화학공학소재연구정보센터
Powder Technology, Vol.260, 7-14, 2014
The effects of mechanical activation on the sintering and microstructural properties of cordierite produced from natural zeolite
In this study, natural zeolite was used as a precursor for cordierite manufacturing. MgO and Al2O3 were added to zeolite to obtain the cordierite stoichiometry. A mixture of MgO/Al2O3/SiO2 in the ratio 2:2:5, which was adjusted according to the cordierite stoichiometry for these raw materials, was mechanically activated using a planetary high-energy ball mill for different mechanical activation durations (0.5, 1 and 2 h). The activated powder mixtures were sintered at 1250 degrees C for 1 h. Both the activated powders and the sintered samples were examined by various analysis techniques.
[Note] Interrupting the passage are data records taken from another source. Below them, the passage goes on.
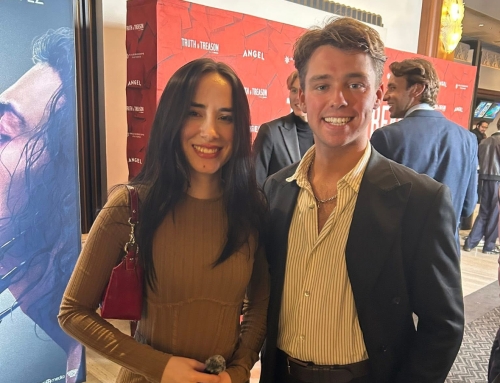 Hollywood Premiere Red Carpet Interviews Host Kayla Harris Truth & Treason
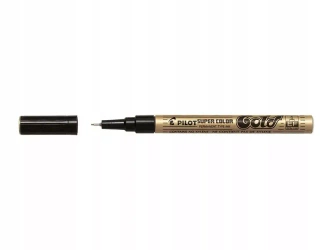 Marker olejowy PILOT EF Super Color Złoty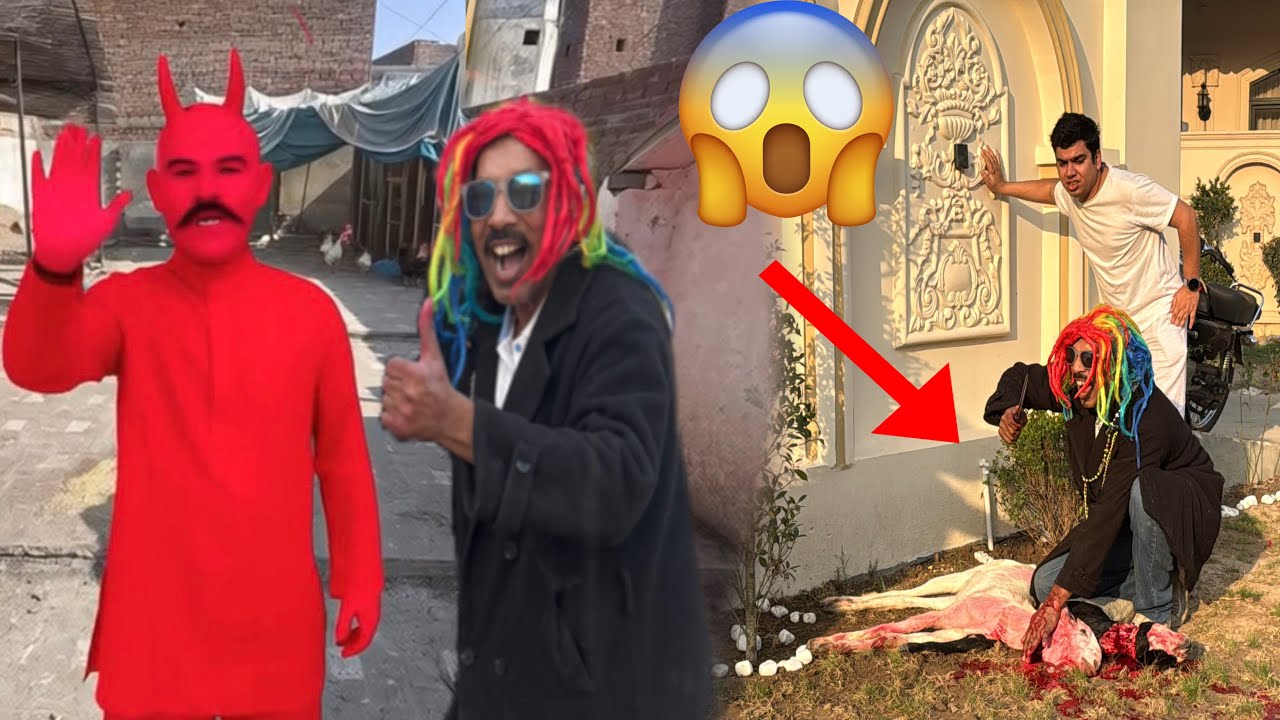 Qasai Don Ki ￼Shaitan Kay Sath Dosti Ho Gai👹Waleed Kay Pets Zaiba Kar Diye💪￼@PetHouse786 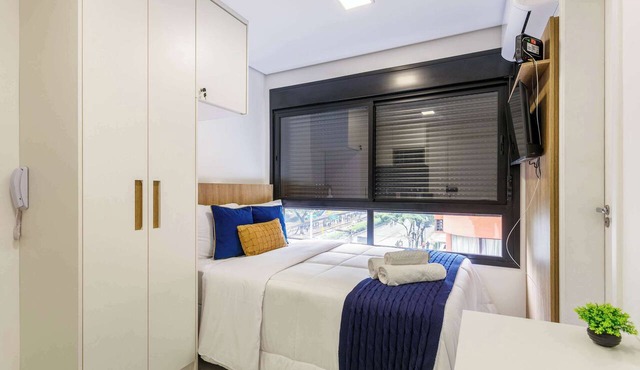 Studio em frente ao Hospital das Clinicas | ZJ 55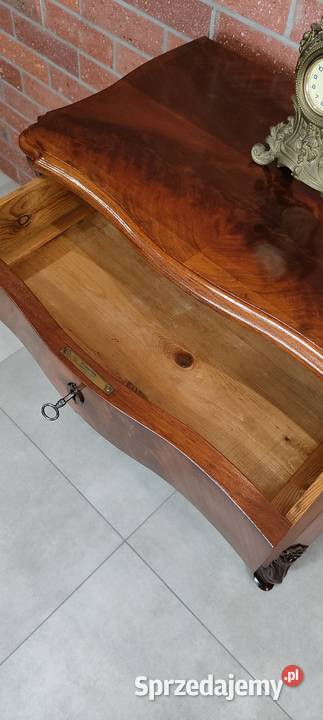 Ekskluzywna komoda Ludwik Filip antyk Antyki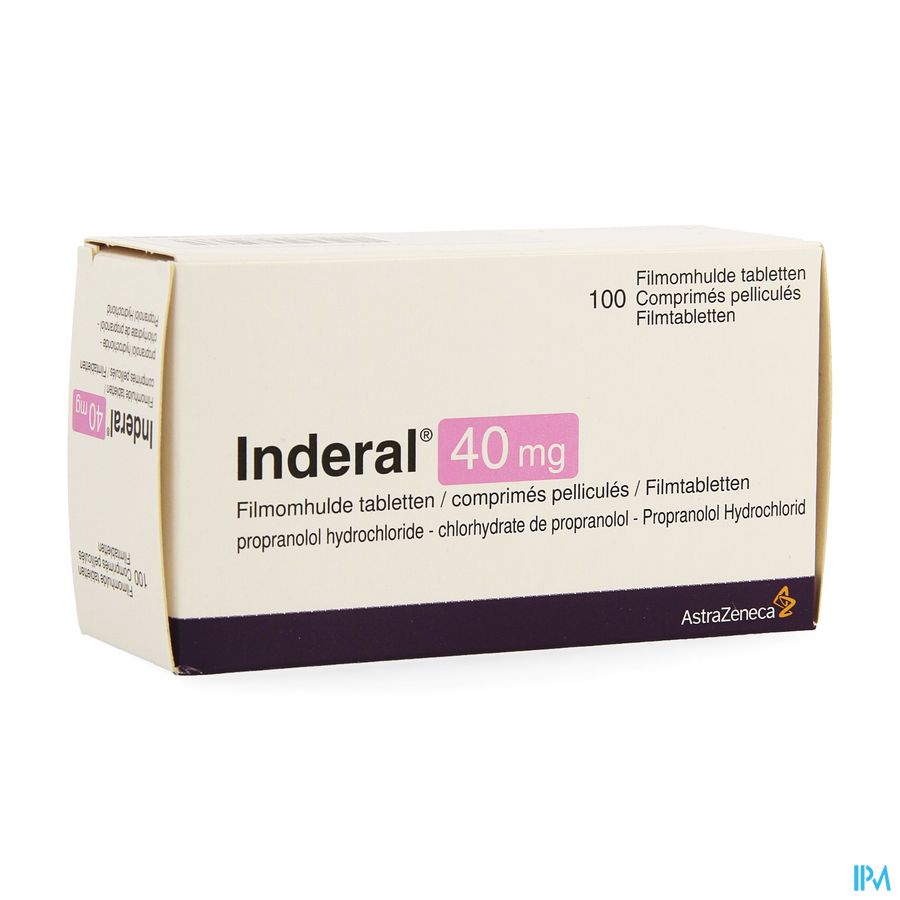 Inderal Comp 100x40mg Inderal Comp 100x40mg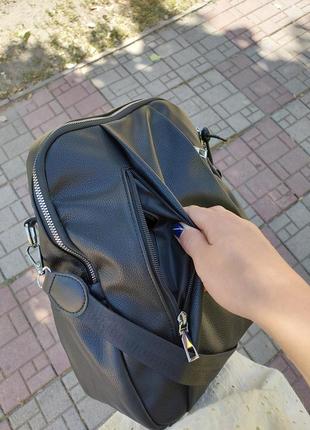 Рюкзак жіночий спортивний сумка рюкзак-сумка4 фото
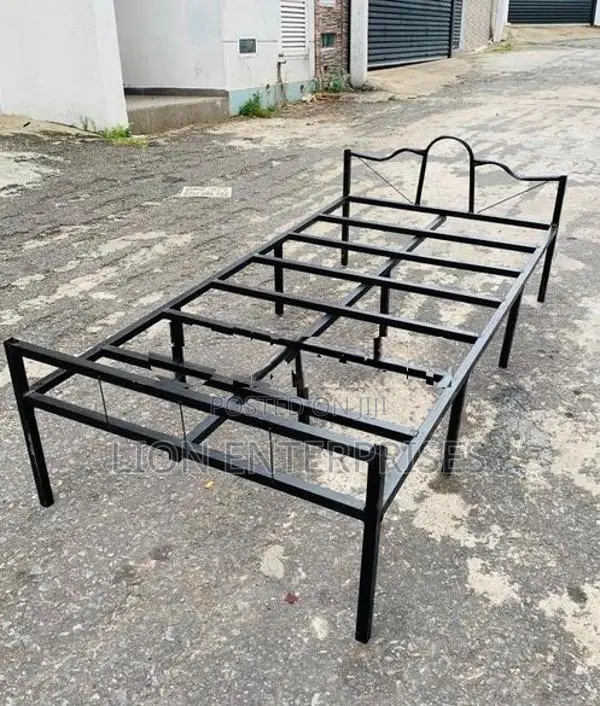 Steel Single Bed
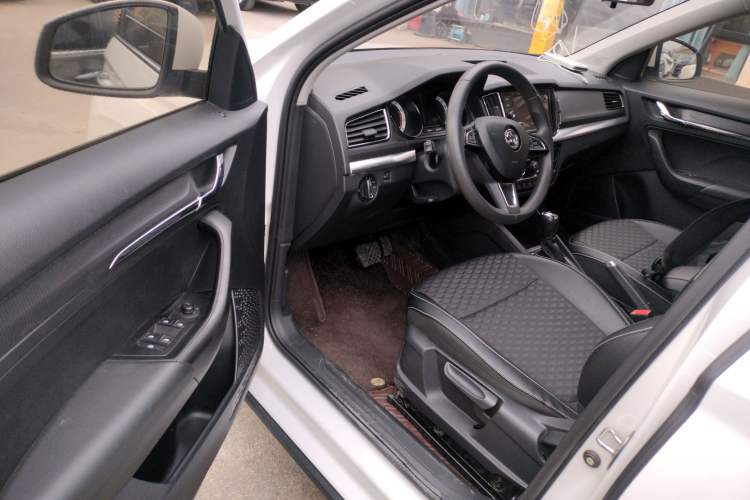 Used Skoda Kamiq 2018 1.5L Automatic Comfort Edition China VI Standard
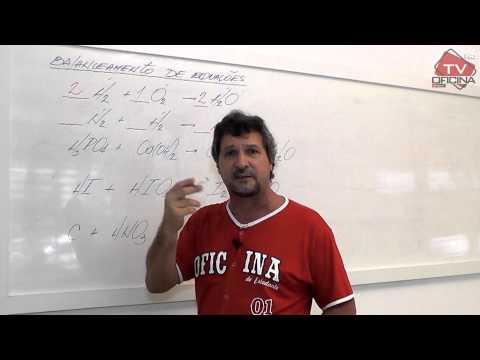 Dica de Química - balanceamento e equações
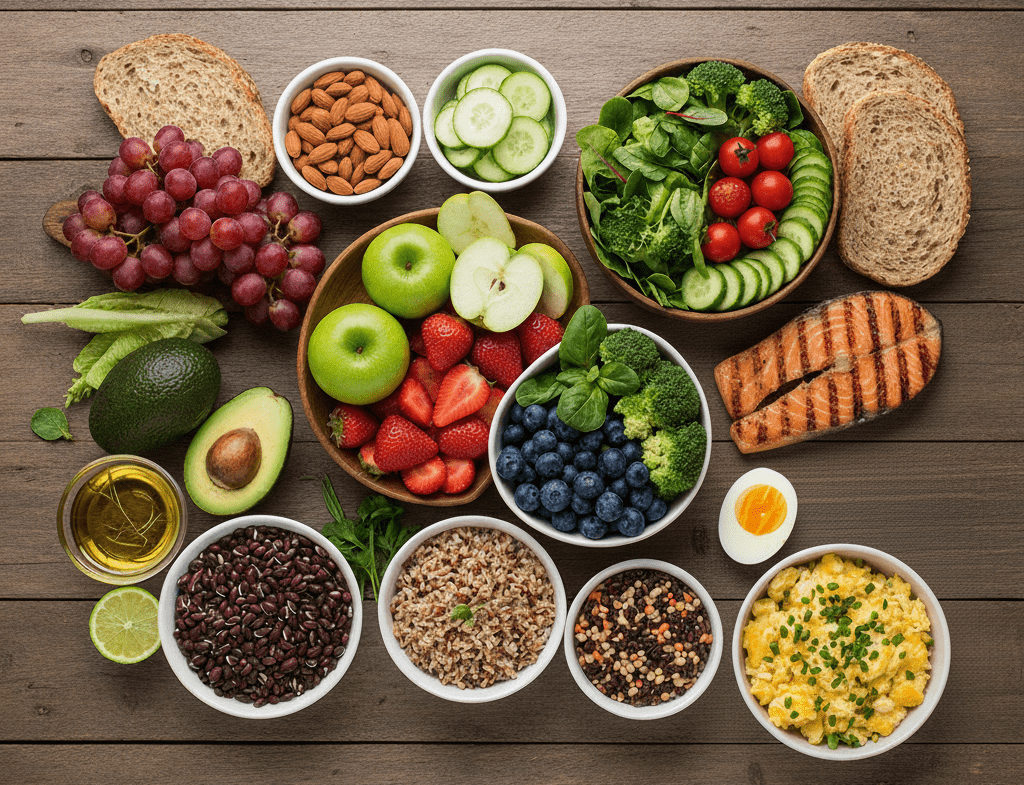 Gevarieerd eten: waarom is het belangrijk en hoe doe je het?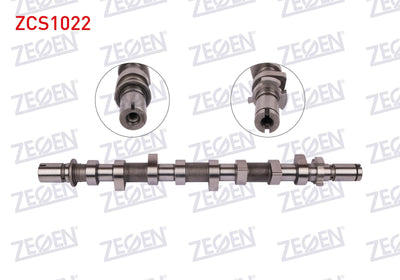 Zegen ZCS1022 Camshaft Shaft with Sensor Type 1.5 dCi (K9k) 110 Hp Renault Clio IV 12-20 / Clio V 20-/ Megane IV 16 — Timing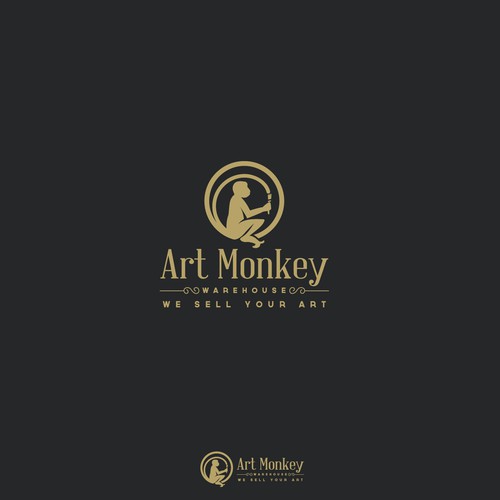 Logo for Art Monkey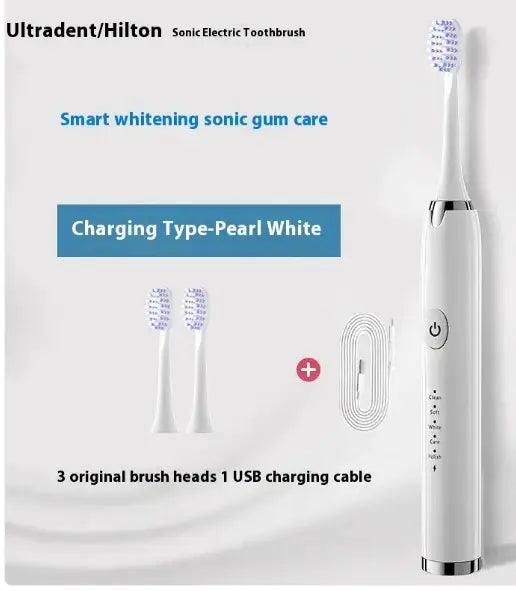 Electric Toothbrush With Extra Heads - Omatic Health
The globular morphology, agglomeration, amorphisation and particle size reduction were observed for powders characterised using scanning electron microscopy (SEM), X-ray diffractometry (XRD) and particle size analysis. The densities of the powders processed for 0.5, 1 and 2 h were measured by the pycnometer method to be 2.655 g/cm(3), 2.647 g/cm(3) and 2.637 g/cm(3), respectively. The sintering behaviour of the samples was determined by measuring the linear shrinkage, water absorption, density and apparent porosity. The sintering and microstructural properties of the samples changed with an increase in the mechanical activation time. The densities of the sintered samples were measured using the Archimedes principle. The densities of the samples processed for 0.5, 1 and 2 h were 2.583 g/cm(3), 2.554 g/cm(3) and 2.525 g/cm(3), respectively. The XRD analyses of the sintered samples revealed that spinel and a glassy phase accompanied the cordierite main phase. The average grain sizes of the samples produced from the powders processed for 0.5, 1 and 2 h were 2.29 mu m, 1.91 mu m and 1.02 mu m, respectively. The hardness values of the samples processed for 0.5, 1 and 2 h were 8.26 GPa, 8.63 GPa and 9.03 GPa, respectively. (C) 2014 Elsevier B.V. All rights reserved.